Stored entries
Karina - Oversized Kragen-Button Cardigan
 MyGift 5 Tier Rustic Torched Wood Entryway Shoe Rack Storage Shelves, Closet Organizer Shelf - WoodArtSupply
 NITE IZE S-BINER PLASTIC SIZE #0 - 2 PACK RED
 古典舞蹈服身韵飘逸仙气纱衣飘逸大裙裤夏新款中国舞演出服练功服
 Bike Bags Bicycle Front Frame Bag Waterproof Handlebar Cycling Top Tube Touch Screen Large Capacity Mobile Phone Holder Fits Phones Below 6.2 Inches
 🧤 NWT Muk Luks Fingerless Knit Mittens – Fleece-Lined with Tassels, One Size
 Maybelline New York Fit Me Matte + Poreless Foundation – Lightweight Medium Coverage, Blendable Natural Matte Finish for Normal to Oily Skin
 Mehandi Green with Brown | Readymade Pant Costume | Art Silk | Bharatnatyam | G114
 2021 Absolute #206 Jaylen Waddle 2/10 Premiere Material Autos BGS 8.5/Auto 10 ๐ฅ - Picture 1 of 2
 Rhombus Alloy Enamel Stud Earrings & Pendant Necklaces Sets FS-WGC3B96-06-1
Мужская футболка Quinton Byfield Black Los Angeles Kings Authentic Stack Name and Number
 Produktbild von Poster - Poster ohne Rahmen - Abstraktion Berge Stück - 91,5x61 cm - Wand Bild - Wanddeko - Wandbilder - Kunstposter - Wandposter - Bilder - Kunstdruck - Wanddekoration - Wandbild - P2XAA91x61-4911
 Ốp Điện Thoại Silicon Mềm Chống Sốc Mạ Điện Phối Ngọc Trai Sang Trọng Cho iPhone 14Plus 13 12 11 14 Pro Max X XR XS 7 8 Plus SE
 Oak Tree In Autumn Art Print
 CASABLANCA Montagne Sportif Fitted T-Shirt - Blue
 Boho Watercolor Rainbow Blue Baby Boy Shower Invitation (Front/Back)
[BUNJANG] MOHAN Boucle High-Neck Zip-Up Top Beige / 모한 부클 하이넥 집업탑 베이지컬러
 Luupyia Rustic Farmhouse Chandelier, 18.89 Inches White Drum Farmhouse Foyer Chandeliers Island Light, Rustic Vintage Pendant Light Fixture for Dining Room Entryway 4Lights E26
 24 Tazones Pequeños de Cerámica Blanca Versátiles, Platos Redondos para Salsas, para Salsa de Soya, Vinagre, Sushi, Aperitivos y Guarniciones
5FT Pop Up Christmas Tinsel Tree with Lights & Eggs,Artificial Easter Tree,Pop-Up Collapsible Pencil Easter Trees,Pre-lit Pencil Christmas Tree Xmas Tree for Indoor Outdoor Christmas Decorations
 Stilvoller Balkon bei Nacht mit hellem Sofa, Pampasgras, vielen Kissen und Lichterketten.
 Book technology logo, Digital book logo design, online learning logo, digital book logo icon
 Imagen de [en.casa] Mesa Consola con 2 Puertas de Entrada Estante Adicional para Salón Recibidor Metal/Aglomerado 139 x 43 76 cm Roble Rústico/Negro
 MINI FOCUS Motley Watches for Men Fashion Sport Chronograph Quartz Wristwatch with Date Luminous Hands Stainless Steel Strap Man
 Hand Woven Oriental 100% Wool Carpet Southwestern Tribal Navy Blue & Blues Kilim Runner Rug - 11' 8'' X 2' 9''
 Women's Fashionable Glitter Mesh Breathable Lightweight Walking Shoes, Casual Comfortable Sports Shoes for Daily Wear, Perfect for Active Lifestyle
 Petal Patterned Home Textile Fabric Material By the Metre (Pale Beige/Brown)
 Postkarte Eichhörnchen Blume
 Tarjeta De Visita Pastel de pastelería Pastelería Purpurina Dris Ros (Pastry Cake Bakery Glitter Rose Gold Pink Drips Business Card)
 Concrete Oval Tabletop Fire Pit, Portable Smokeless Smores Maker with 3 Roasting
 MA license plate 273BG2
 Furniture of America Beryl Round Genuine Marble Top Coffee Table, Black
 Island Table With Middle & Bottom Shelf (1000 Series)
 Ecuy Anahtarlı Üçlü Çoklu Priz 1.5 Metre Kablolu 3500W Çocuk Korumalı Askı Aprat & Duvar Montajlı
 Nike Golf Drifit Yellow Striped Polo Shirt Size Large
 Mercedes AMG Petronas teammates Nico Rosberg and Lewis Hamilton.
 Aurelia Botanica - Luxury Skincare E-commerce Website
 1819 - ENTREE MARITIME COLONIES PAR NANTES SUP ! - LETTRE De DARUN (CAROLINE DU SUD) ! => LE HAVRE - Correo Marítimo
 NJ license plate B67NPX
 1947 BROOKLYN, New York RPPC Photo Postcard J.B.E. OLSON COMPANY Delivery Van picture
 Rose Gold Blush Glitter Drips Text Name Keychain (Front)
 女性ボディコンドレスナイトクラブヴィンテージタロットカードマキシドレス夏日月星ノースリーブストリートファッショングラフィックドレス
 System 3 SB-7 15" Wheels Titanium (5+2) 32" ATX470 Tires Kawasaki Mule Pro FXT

[Exercise] Copy each entry exactly, with nothing added or dropped.

[Response to the exercise]
Karina - Oversized Kragen-Button Cardigan
 MyGift 5 Tier Rustic Torched Wood Entryway Shoe Rack Storage Shelves, Closet Organizer Shelf - WoodArtSupply
 NITE IZE S-BINER PLASTIC SIZE #0 - 2 PACK RED
 古典舞蹈服身韵飘逸仙气纱衣飘逸大裙裤夏新款中国舞演出服练功服
 Bike Bags Bicycle Front Frame Bag Waterproof Handlebar Cycling Top Tube Touch Screen Large Capacity Mobile Phone Holder Fits Phones Below 6.2 Inches
 🧤 NWT Muk Luks Fingerless Knit Mittens – Fleece-Lined with Tassels, One Size
 Maybelline New York Fit Me Matte + Poreless Foundation – Lightweight Medium Coverage, Blendable Natural Matte Finish for Normal to Oily Skin
 Mehandi Green with Brown | Readymade Pant Costume | Art Silk | Bharatnatyam | G114
 2021 Absolute #206 Jaylen Waddle 2/10 Premiere Material Autos BGS 8.5/Auto 10 ๐ฅ - Picture 1 of 2
 Rhombus Alloy Enamel Stud Earrings & Pendant Necklaces Sets FS-WGC3B96-06-1
Мужская футболка Quinton Byfield Black Los Angeles Kings Authentic Stack Name and Number
 Produktbild von Poster - Poster ohne Rahmen - Abstraktion Berge Stück - 91,5x61 cm - Wand Bild - Wanddeko - Wandbilder - Kunstposter - Wandposter - Bilder - Kunstdruck - Wanddekoration - Wandbild - P2XAA91x61-4911
 Ốp Điện Thoại Silicon Mềm Chống Sốc Mạ Điện Phối Ngọc Trai Sang Trọng Cho iPhone 14Plus 13 12 11 14 Pro Max X XR XS 7 8 Plus SE
 Oak Tree In Autumn Art Print
 CASABLANCA Montagne Sportif Fitted T-Shirt - Blue
 Boho Watercolor Rainbow Blue Baby Boy Shower Invitation (Front/Back)
[BUNJANG] MOHAN Boucle High-Neck Zip-Up Top Beige / 모한 부클 하이넥 집업탑 베이지컬러
 Luupyia Rustic Farmhouse Chandelier, 18.89 Inches White Drum Farmhouse Foyer Chandeliers Island Light, Rustic Vintage Pendant Light Fixture for Dining Room Entryway 4Lights E26
 24 Tazones Pequeños de Cerámica Blanca Versátiles, Platos Redondos para Salsas, para Salsa de Soya, Vinagre, Sushi, Aperitivos y Guarniciones
5FT Pop Up Christmas Tinsel Tree with Lights & Eggs,Artificial Easter Tree,Pop-Up Collapsible Pencil Easter Trees,Pre-lit Pencil Christmas Tree Xmas Tree for Indoor Outdoor Christmas Decorations
 Stilvoller Balkon bei Nacht mit hellem Sofa, Pampasgras, vielen Kissen und Lichterketten.
 Book technology logo, Digital book logo design, online learning logo, digital book logo icon
 Imagen de [en.casa] Mesa Consola con 2 Puertas de Entrada Estante Adicional para Salón Recibidor Metal/Aglomerado 139 x 43 76 cm Roble Rústico/Negro
 MINI FOCUS Motley Watches for Men Fashion Sport Chronograph Quartz Wristwatch with Date Luminous Hands Stainless Steel Strap Man
 Hand Woven Oriental 100% Wool Carpet Southwestern Tribal Navy Blue & Blues Kilim Runner Rug - 11' 8'' X 2' 9''
 Women's Fashionable Glitter Mesh Breathable Lightweight Walking Shoes, Casual Comfortable Sports Shoes for Daily Wear, Perfect for Active Lifestyle
 Petal Patterned Home Textile Fabric Material By the Metre (Pale Beige/Brown)
 Postkarte Eichhörnchen Blume
 Tarjeta De Visita Pastel de pastelería Pastelería Purpurina Dris Ros (Pastry Cake Bakery Glitter Rose Gold Pink Drips Business Card)
 Concrete Oval Tabletop Fire Pit, Portable Smokeless Smores Maker with 3 Roasting
 MA license plate 273BG2
 Furniture of America Beryl Round Genuine Marble Top Coffee Table, Black
 Island Table With Middle & Bottom Shelf (1000 Series)
 Ecuy Anahtarlı Üçlü Çoklu Priz 1.5 Metre Kablolu 3500W Çocuk Korumalı Askı Aprat & Duvar Montajlı
 Nike Golf Drifit Yellow Striped Polo Shirt Size Large
 Mercedes AMG Petronas teammates Nico Rosberg and Lewis Hamilton.
 Aurelia Botanica - Luxury Skincare E-commerce Website
 1819 - ENTREE MARITIME COLONIES PAR NANTES SUP ! - LETTRE De DARUN (CAROLINE DU SUD) ! => LE HAVRE - Correo Marítimo
 NJ license plate B67NPX
 1947 BROOKLYN, New York RPPC Photo Postcard J.B.E. OLSON COMPANY Delivery Van picture
 Rose Gold Blush Glitter Drips Text Name Keychain (Front)
 女性ボディコンドレスナイトクラブヴィンテージタロットカードマキシドレス夏日月星ノースリーブストリートファッショングラフィックドレス
 System 3 SB-7 15" Wheels Titanium (5+2) 32" ATX470 Tires Kawasaki Mule Pro FXT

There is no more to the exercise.